Emmanuel Aghogho Oluwafemi Dieseruvwe (born 20 February 1995) is an English professional footballer who plays as a forward for National League side FC Halifax Town.

Beginning his career with Sheffield Wednesday, Dieseruvwe has played for Chesterfield, Salford City and Tranmere Rovers with loan spells at Hyde, Fleetwood Town, Mansfield Town, Kidderminster Harriers, Boston United, Chester, Oldham Athletic and Grimsby Town.

Career

Sheffield Wednesday
Born in Leeds, England, Dieseruvwe started his career at Sheffield Wednesday. In 2013, having progressed through the Yorkshire club's youth academy, Dieseruvwe signed his first professional contract at the club.

After being told by Manager Dave Jones that he needed to be loaned out for first team football, Dieseruvwe was loaned to Hyde on a month-long youth loan deal.

After making seven appearances for Hyde, Dieseruvwe joined Fleetwood Town on a month-long youth loan deal.
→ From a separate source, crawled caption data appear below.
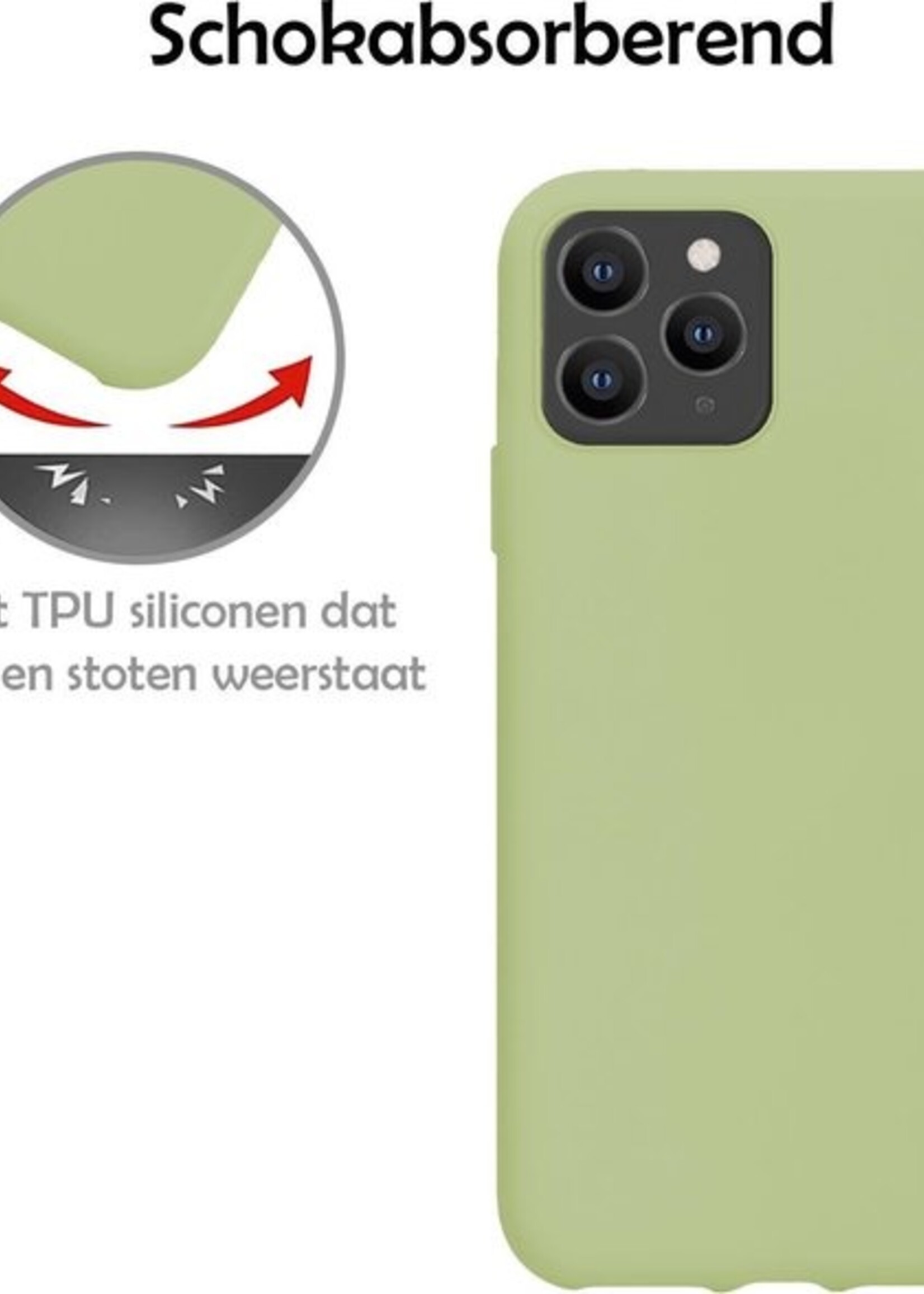 LUQ Hoesje Geschikt voor iPhone 11 Pro Max Hoesje Siliconen Case - Hoes Geschikt voor iPhone 11 Pro Max Hoes Siliconen - Groen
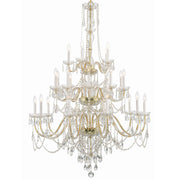 Traditional Crystal 25 Light 45" Chandelier in Polished Brass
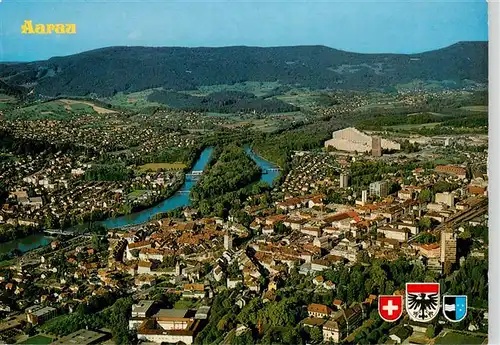 AK / Ansichtskarte  Aarau_AG mit Kuettingen Aare und Jura Fliegeraufnahme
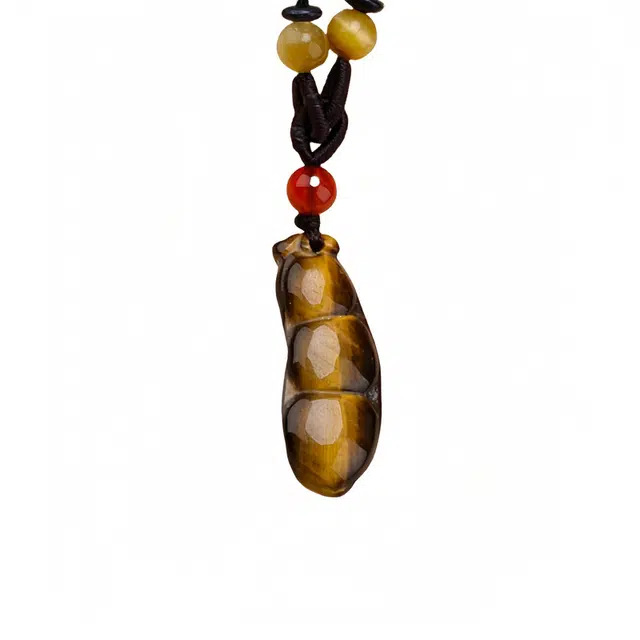 凯真 国潮中式复古 金色四季豆 四季平安 虎眼石 玉石项链 男女同款情侣款 礼盒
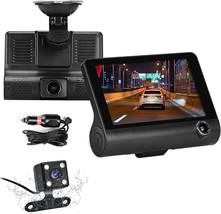 3 Channel Dash Cam 4 hes TFT LCD Car DVR Front Inside Rear Three Way Night Visio - £40.76 GBP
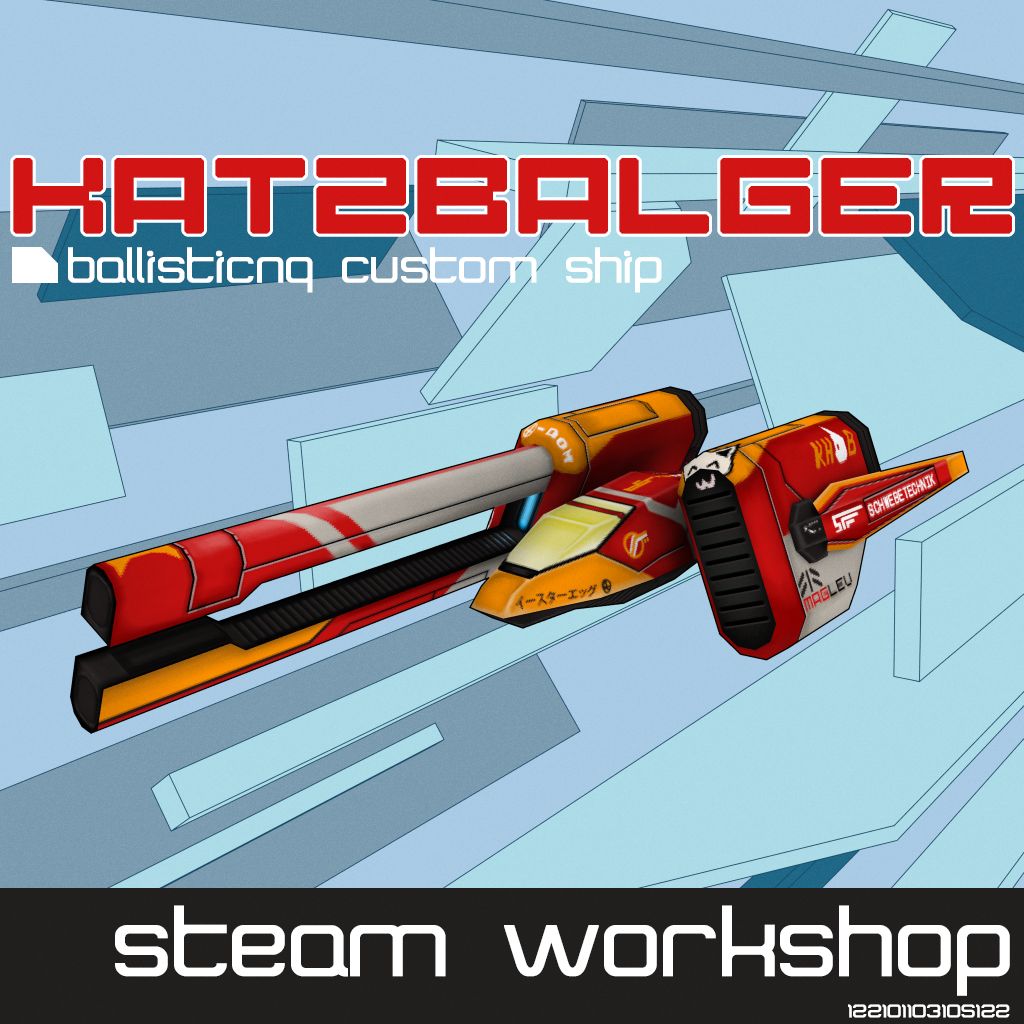 Promo image for the Katzbalger reacing team in the style of the WipEout 3 Special Edition boxart.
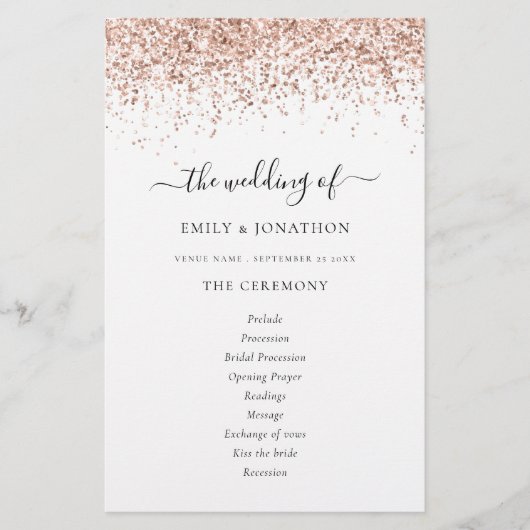 Budget Roos Gold Glitter Script Weddenprogramma (Voorkant)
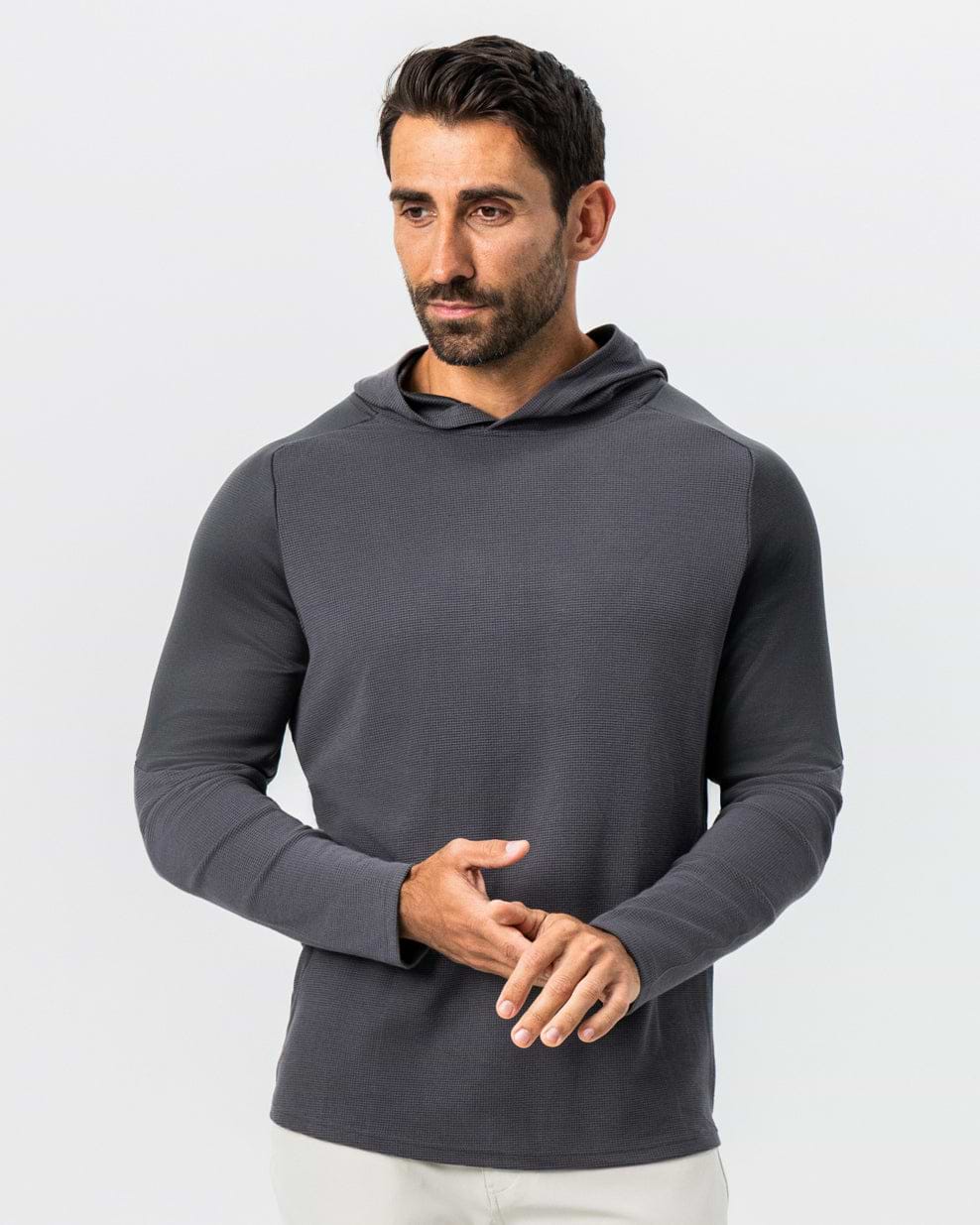 Waffle Knit Hoodie - Charcoal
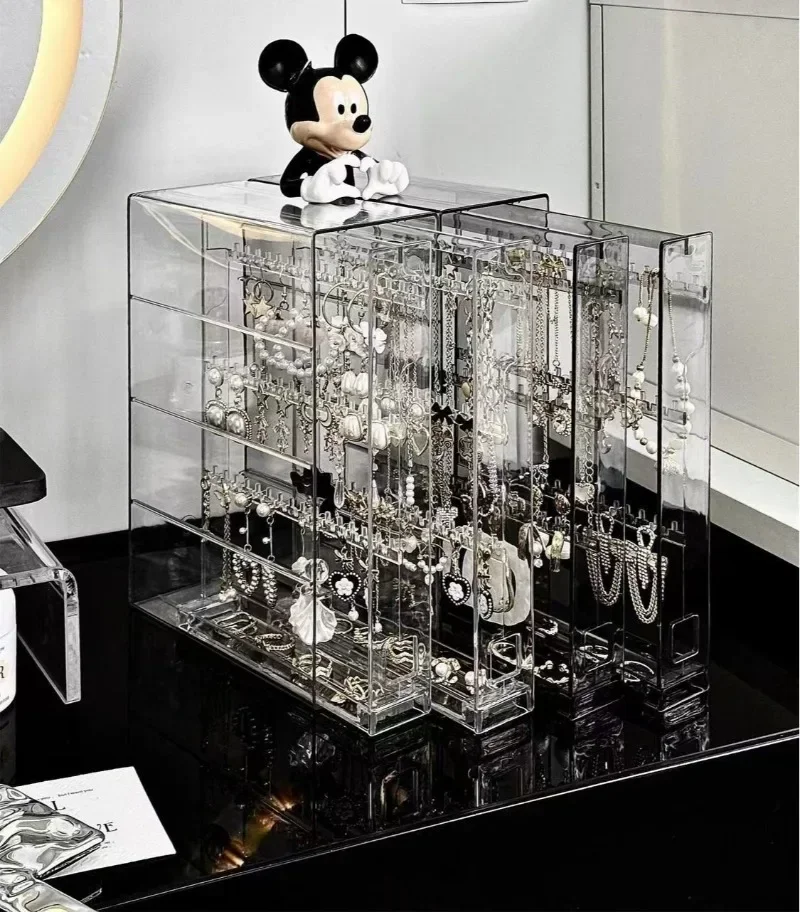 Transparent Jewelry Organizer Box Vertical Pulling Jewelry Box Dustproof Display Stand High-capacity Storage Hanging Accessories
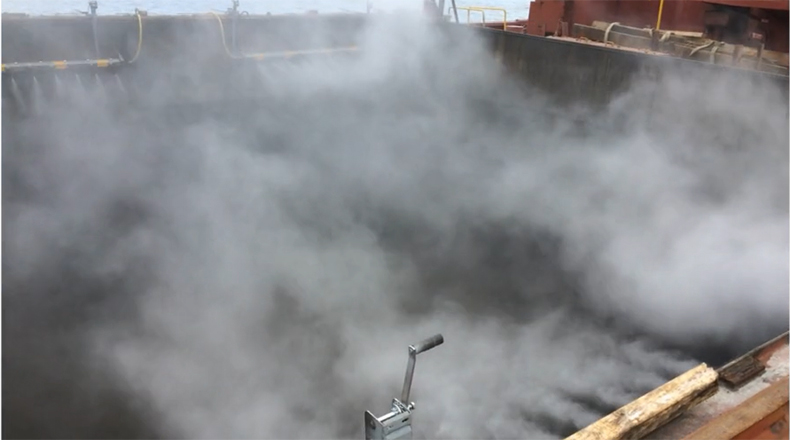 Dry Fog Ship Unloading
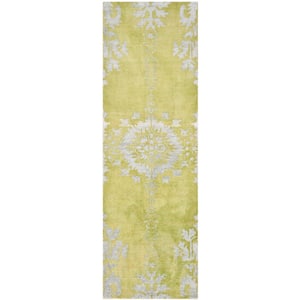 Stone Wash Chartreuse 3 ft. x 6 ft. Floral Runner Rug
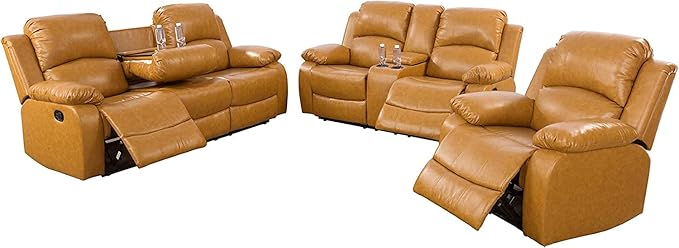 AYCP Bonded Leather Living Room Furniture Set Reclining Sofa Set Loveseat Furniture Sets in Living Room Sofa Recliners (3 Pieces, Ginger)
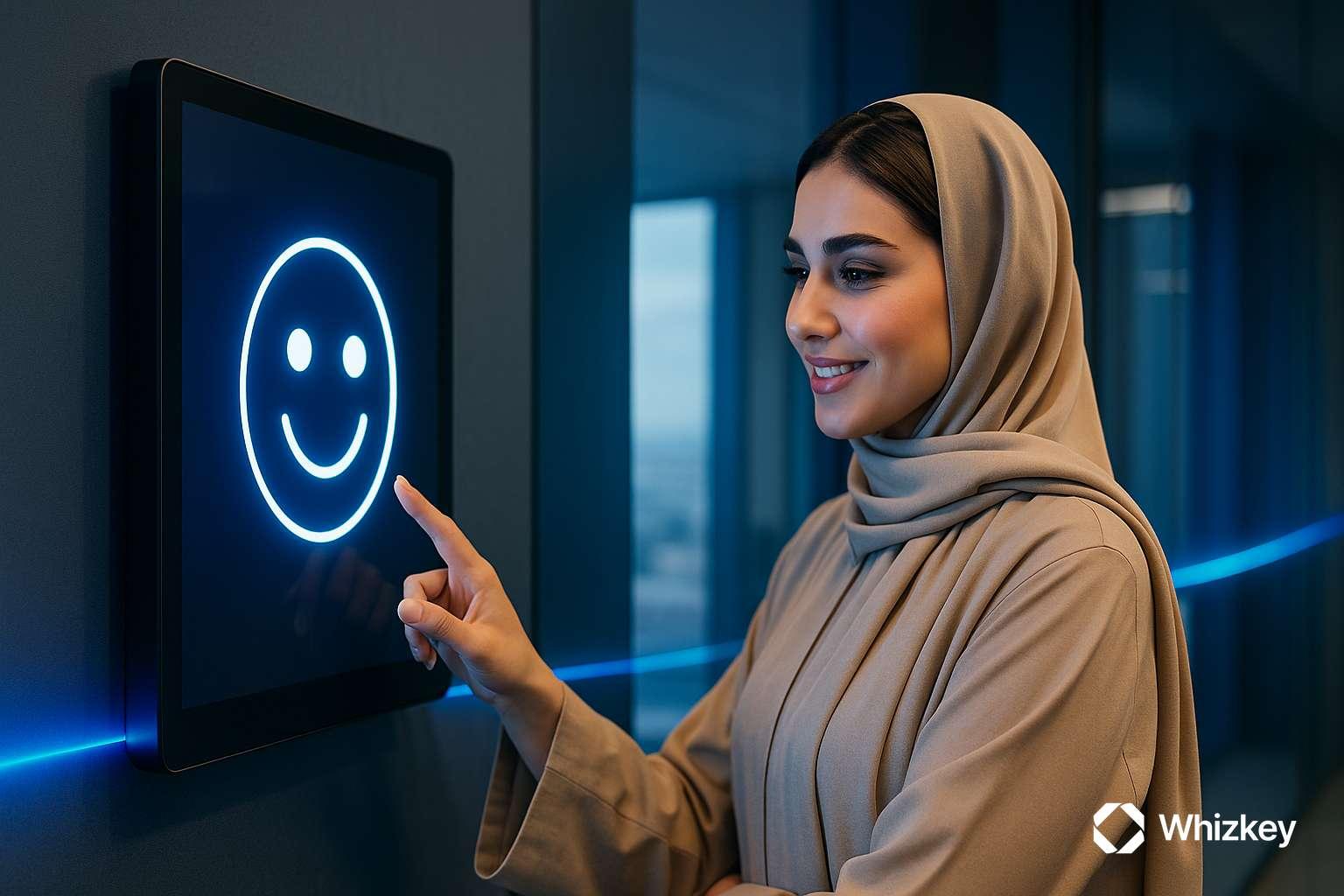 Kuwaiti employee interacting with empathy-driven digital interface on wall screen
Dieseruvwe made his Football League debut for Fleetwood Town on 2 November 2013, as an 83rd-minute substitute in a 4–1 win over Newport County. Soon after, Dieseruvwe's loan spell at Fleetwood was extended until 2 February 2014. After making six appearances for Fleetwood Town, it was announced on 20 January 2014 that Dieseruvwe was to return to Sheffield Wednesday.

Chesterfield
After expressing his desire to be loaned out in determination of making a breakthrough at Sheffield Wednesday, Dieseruvwe joined Chesterfield on 3 January 2015 on a youth loan deal. Upon moving to Chesterfield, Dieseruvwe described the move as "a big chance" and "another step up". On 17 January 2015, Dieseruvwe made his Chesterfield debut, in a 3–1 loss against Swindon Town. Soon after, Dieseruvwe told of being settled at Chesterfield.

On 2 February 2015, Dieseruvwe made his loan move permanent by signing an 18-month contract. Dieseruvwe's first game after signing for the club on a permanent basis came on 7 February 2015, coming on as a substitute for Armand Gnanduillet, in a 1–0 win over Notts County. On 11 August 2015, Dieseruvwe scored his first goal for Chesterfield, the equaliser in an eventual 3–1 defeat to Carlisle United, though he was later sent off in extra-time.

Kidderminster Harriers
He then joined National League North team Kidderminster Harriers, signing a one-year contract, with manager John Eustace saying the club was "excited" with Dieseruvwe's signing. He moved on loan to Boston United in March 2017, making his début against Worcester City. He was released by Kidderminster in May upon the expiration of his contract.

Salford City
He then signed in May 2017 for Salford City. On 11 May 2019, Dieseruvwe opened the scoring in the 2019 National League play-off Final, with Salford going on to win the game against AFC Fylde 3–0 and reach the English Football League for the first time in the club's history. On 3 August, Dieseruvwe scored Salford's first ever Football League goal, which came in the first match of the 2019–20 season against Stevenage. He went on to score a second goal that day as the 'Ammies' recorded a 2–0 victory. On 8 December 2020, he came on as a substitute and scored two goals in the EFL Trophy second round fixture against Leicester City U21's, a game which went to a penalty shoot-out after a 3–3 draw; Dieseruvwe missed Salford's first penalty and ultimately exited the competition 6–5 in the shootout.

Loans and departure
On 26 October 2018, he joined National League North side Chester on loan for one month. At the end of the 2018–19 season he extended his contract with Salford, signing a new two-year contract. Dieseruvwe joined Oldham Athletic on loan on 10 January 2020 for the rest of the 2019–20 season.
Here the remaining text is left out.